Film Review: I Love You, Phillip Morris

Jim Carrey gives his all—which is certainly not nothing—in this wild carnival ride of a film.

As real-life con man Steven Russell in I Love You, Phillip Morris, Jim Carrey gives maybe his bravest performance yet, going from married cop to hustler extraordinaire, all to finance a new lifestyle he discovers is "really expensive" when he comes out as a gay man. Russell’s never-ending scams land him repeatedly in jail, but there he meets Phillip Morris (Ewan McGregor), a simple country boy with whom he finds true, undying love.

Rarely has any film started so high, with such bracing brio, as writer-directors Glenn Ficarra and John Requa (Bad Santa) swiftly etch the backstory of this initially seemingly normal average American Joe who we suddenly see in a jaw-dropping shot, nude and sweaty, as he takes anal pleasure with another man. Russell's coming out is a hilarious affair—all gaudy Versace shirts with a Miami background and requisite hot Latin boyfriend, and his schemes, impersonating lawyers and CEOs as he commits every imaginable kind of fraud, have you agog at his sociopathic ingenuity. Gay oral sex also comes in for its share of laughs, being the basic rate of exchange for everything once Russell lands in the clink, and this simple matter of fact is presented with a stunningly droll deadpan humor.
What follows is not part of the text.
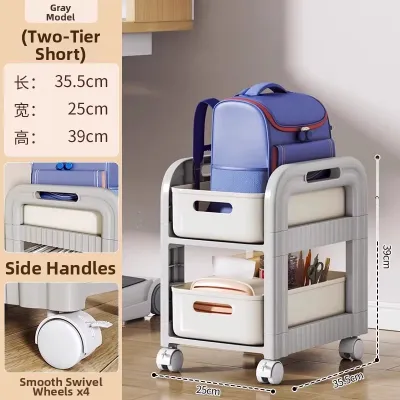 JIAJIESHI | Multifunctional Book Storage Trolley Mobile Shelving Unit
But, as if too enamored with their enchanting bad boy, the filmmakers forget to sufficiently layer their story, and after a while, Russell's endless connivings and returns to the hoosegow become monotonous. You want to find out more about the very attractive and spunky wife he deserted (and still supports), played with catchy verve by a largely wasted Leslie Mann. McGregor retains his fetching prettiness, after all this time, as Phillip, but remains a rather thin performer, acting his role on a single note of sunny, oh-so-sweet innocence, ever the dupe for Russell's shady blandishments. It must be mentioned, however, that, unlike those sexually modest cowpokes in Brokeback Mountain, or Liam Neeson, who could barely kiss the actor playing his Bosie when he took on the role of Oscar Wilde on Broadway, Carrey and McGregor don't stint from real PDAs, and their mutual ardor is certainly convincing. One of the most romantic scenes of 2010 has got to be when the two dance in their cell to a love song thoughtfully played (albeit for a price) by a fellow inmate.

It's been a while since we've seen Carrey in a full-scale role like this, and he brings a naked vulnerability and sensitivity to it that he's never shown before. It's all in his molten, and yet piercing, brown eyes, as he invests this unlikely role with more emotional commitment than anything he's ever done. One just wishes the film had been as richly variegated as this protean performer's talent.